With the hitch properly setup i can tell that during hookup of the TV to TT there is less pressure on the L-brackets.

In conclusion, im wondering of a hitch system such as an Equalizer is the right hitch for use with a large trailer and a HD truck. I could be completey off here and missing something. Let me know what you think and the experiences you are having. i will continue to use this setup for now as i have not felt that my safety has been in jeopardy but i am considering a change to a Hensly. If they really are all that much better.


----------



## tdvffjohn (Mar 10, 2005)

When I had the 28 TT and my dually with the dual cam, I knew transferring weight forward was not going to happen. I set the rig level, obviously and then tried to put the same tension I used with my suburban on the duelly to get the control of the sway control but not really needing the weight dist part. Sway control worked effectively.

It worked for me, right or wrong









John


----------



## Lady Di (Oct 28, 2005)

We went from the LD truck to the HD truck, with no problems. Same trailer though, so don't know what difference thbat may make.


----------



## Scoutr2 (Aug 21, 2006)

I don't have any experience with a 1-ton truck, but I can tell you most definately DO NOT over tighten the socket bolts on the hitch. Friction is a physical force that tends to resist movement. Theoretically speaking, more friction should provide more sway control, but you don't want to stretch the bolts or threads, nor do you want to cause premature wear to the hitch head and sockets.

The installation manual makes no distinction between tow-vehicle suspensions, other than giving you information for keeping trailer and tow vehicle level. And that's all you should worry about, IMHO.

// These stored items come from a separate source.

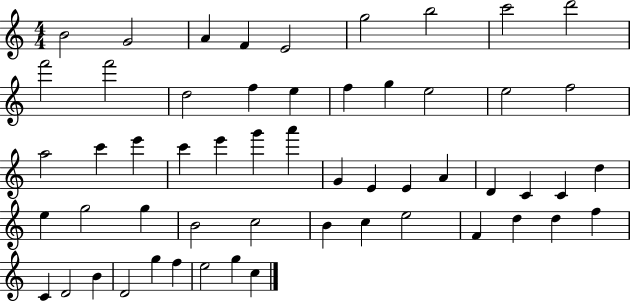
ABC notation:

X:1
T:Untitled
M:4/4
L:1/4
K:C
B2 G2 A F E2 g2 b2 c'2 d'2 f'2 f'2 d2 f e f g e2 e2 f2 a2 c' e' c' e' g' a' G E E A D C C d e g2 g B2 c2 B c e2 F d d f C D2 B D2 g f e2 g c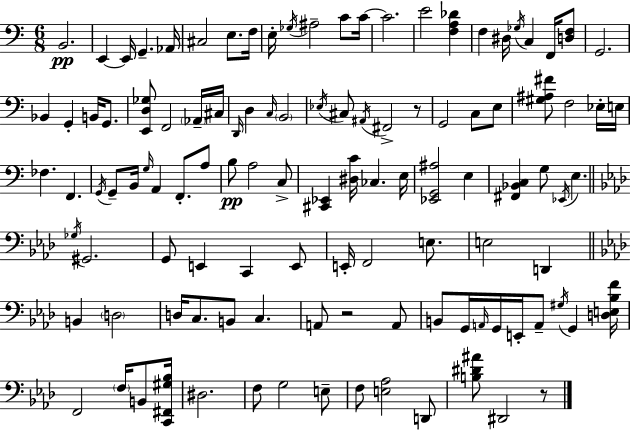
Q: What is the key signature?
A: C major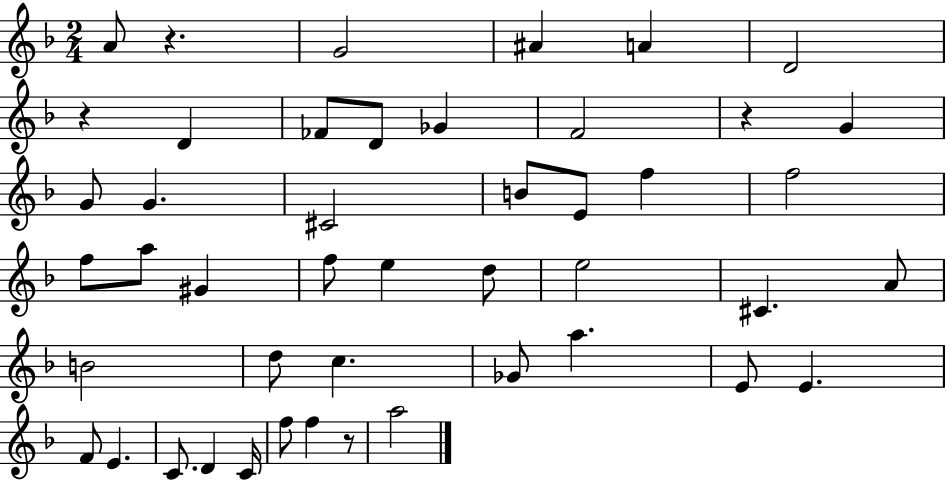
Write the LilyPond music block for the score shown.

{
  \clef treble
  \numericTimeSignature
  \time 2/4
  \key f \major
  \repeat volta 2 { a'8 r4. | g'2 | ais'4 a'4 | d'2 | \break r4 d'4 | fes'8 d'8 ges'4 | f'2 | r4 g'4 | \break g'8 g'4. | cis'2 | b'8 e'8 f''4 | f''2 | \break f''8 a''8 gis'4 | f''8 e''4 d''8 | e''2 | cis'4. a'8 | \break b'2 | d''8 c''4. | ges'8 a''4. | e'8 e'4. | \break f'8 e'4. | c'8. d'4 c'16 | f''8 f''4 r8 | a''2 | \break } \bar "|."
}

If it were me, I'd follow the installation instructions to the letter. You may want to get new hitch head bolts and socket bolts, though, just to be sure they are still trustworthy. Be sure to get the right threads, grade of bolt, etc. I'd probably order new ones from the manufacturer - but I'm picky about that stuff.

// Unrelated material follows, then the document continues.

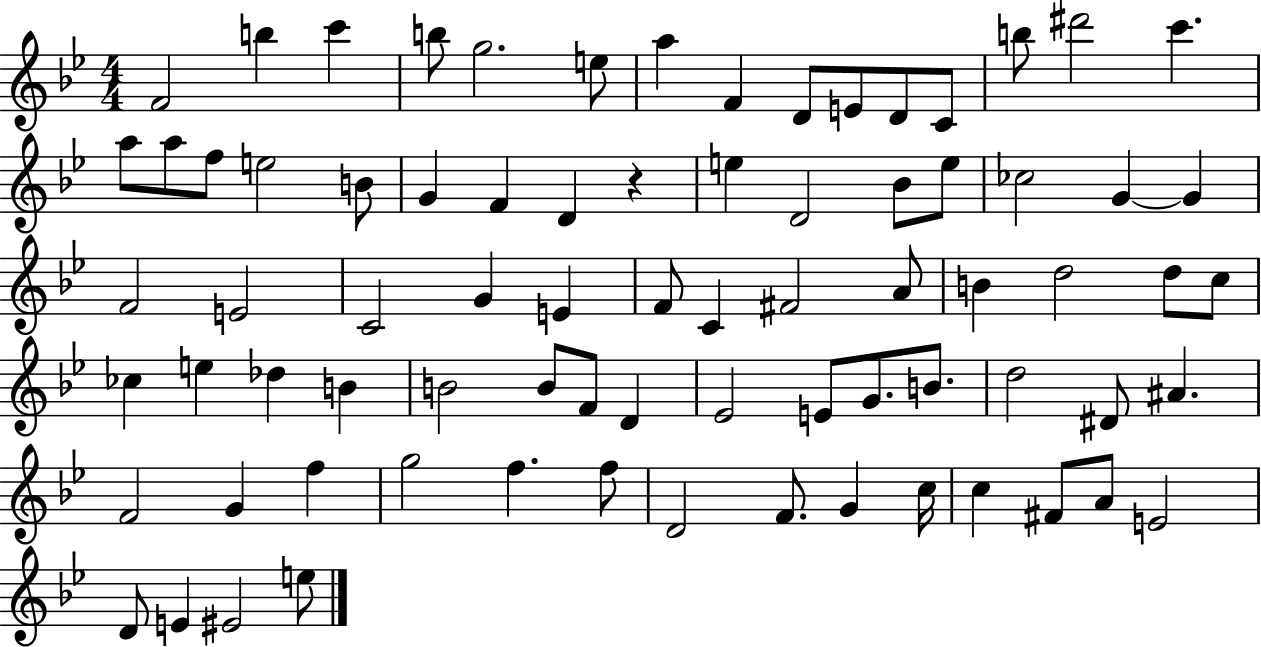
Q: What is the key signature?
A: BES major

It's my opinion that if you set everything up correctly, the sway control should work well for you. That was my experience when I moved from a 1/2-ton TV to a 3/4-ton TV. I'd guess that moving up to a 1-ton TV would not be any different.

Just my $.02.

Mike


----------



## campmg (Dec 24, 2005)

You bring up a lot of good questions that I cannot answer. But, did you also test the height of the hitch ball when changing TV's? The instrutions do make mention to adjusting the height of the ball based on your suspension (1/2, 3/4 or 1 ton) based on each 100 lbs of tongue weight. I'm still playing with mine going from a 1/2 ton Yukon to the 3/4 ton 4x4 Yukon XL. Seems if you're not getting enough tension and the bars are easier to install with the new truck, you may have to adjust something to gain more sway control.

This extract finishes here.